Data records -
☆ ☆ ☆

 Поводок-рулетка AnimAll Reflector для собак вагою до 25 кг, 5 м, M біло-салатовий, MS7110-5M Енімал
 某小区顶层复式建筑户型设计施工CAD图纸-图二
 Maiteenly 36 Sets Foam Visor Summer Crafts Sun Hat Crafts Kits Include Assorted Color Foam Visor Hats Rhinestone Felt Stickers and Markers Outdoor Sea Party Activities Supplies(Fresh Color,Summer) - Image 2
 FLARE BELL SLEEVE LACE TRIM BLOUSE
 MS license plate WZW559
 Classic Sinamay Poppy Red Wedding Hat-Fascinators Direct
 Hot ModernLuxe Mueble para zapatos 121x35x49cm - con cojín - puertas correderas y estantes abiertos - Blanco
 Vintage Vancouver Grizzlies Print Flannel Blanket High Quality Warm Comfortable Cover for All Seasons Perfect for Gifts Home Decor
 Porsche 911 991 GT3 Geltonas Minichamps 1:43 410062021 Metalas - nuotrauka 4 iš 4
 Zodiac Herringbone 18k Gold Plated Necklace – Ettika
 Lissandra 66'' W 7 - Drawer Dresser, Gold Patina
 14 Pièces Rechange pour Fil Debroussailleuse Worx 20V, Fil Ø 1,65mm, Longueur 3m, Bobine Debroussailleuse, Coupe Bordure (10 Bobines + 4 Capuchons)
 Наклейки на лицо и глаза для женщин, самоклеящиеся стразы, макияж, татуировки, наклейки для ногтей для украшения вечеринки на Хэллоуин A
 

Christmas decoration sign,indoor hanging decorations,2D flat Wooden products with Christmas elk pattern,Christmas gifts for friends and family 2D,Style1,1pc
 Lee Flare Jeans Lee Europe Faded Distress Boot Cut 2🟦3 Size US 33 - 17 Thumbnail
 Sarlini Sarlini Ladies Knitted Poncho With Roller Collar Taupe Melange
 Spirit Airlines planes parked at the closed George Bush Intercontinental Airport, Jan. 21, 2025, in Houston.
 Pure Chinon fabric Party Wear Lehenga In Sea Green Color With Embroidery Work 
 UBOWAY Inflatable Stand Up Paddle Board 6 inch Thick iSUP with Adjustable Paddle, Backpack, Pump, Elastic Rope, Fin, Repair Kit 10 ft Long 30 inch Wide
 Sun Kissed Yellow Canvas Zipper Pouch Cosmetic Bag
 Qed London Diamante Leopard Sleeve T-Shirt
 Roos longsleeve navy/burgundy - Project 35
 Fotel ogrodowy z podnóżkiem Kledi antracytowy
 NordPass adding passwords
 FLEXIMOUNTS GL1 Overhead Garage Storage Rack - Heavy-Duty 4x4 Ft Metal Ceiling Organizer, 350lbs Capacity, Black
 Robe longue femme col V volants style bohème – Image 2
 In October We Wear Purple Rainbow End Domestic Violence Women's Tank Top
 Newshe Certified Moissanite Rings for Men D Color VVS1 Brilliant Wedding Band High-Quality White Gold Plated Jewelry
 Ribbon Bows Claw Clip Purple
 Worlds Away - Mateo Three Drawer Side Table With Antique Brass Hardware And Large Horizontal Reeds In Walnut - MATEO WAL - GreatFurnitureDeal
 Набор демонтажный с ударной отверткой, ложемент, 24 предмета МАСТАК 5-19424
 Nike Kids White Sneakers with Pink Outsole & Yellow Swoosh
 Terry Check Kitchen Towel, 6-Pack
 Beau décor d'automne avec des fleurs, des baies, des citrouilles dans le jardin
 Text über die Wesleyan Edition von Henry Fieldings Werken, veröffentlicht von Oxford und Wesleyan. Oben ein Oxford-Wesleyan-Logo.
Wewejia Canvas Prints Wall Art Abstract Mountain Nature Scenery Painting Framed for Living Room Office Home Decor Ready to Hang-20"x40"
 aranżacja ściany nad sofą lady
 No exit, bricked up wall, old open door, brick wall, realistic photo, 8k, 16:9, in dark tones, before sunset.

☆ ☆ ☆

Requirement - Copy out exactly the lines from the line with "Robe longue femme" to the end of the listing, including both of those lines, and give nothing else.

Result for this task -
 Robe longue femme col V volants style bohème – Image 2
 In October We Wear Purple Rainbow End Domestic Violence Women's Tank Top
 Newshe Certified Moissanite Rings for Men D Color VVS1 Brilliant Wedding Band High-Quality White Gold Plated Jewelry
 Ribbon Bows Claw Clip Purple
 Worlds Away - Mateo Three Drawer Side Table With Antique Brass Hardware And Large Horizontal Reeds In Walnut - MATEO WAL - GreatFurnitureDeal
 Набор демонтажный с ударной отверткой, ложемент, 24 предмета МАСТАК 5-19424
 Nike Kids White Sneakers with Pink Outsole & Yellow Swoosh
 Terry Check Kitchen Towel, 6-Pack
 Beau décor d'automne avec des fleurs, des baies, des citrouilles dans le jardin
 Text über die Wesleyan Edition von Henry Fieldings Werken, veröffentlicht von Oxford und Wesleyan. Oben ein Oxford-Wesleyan-Logo.
Wewejia Canvas Prints Wall Art Abstract Mountain Nature Scenery Painting Framed for Living Room Office Home Decor Ready to Hang-20"x40"
 aranżacja ściany nad sofą lady
 No exit, bricked up wall, old open door, brick wall, realistic photo, 8k, 16:9, in dark tones, before sunset.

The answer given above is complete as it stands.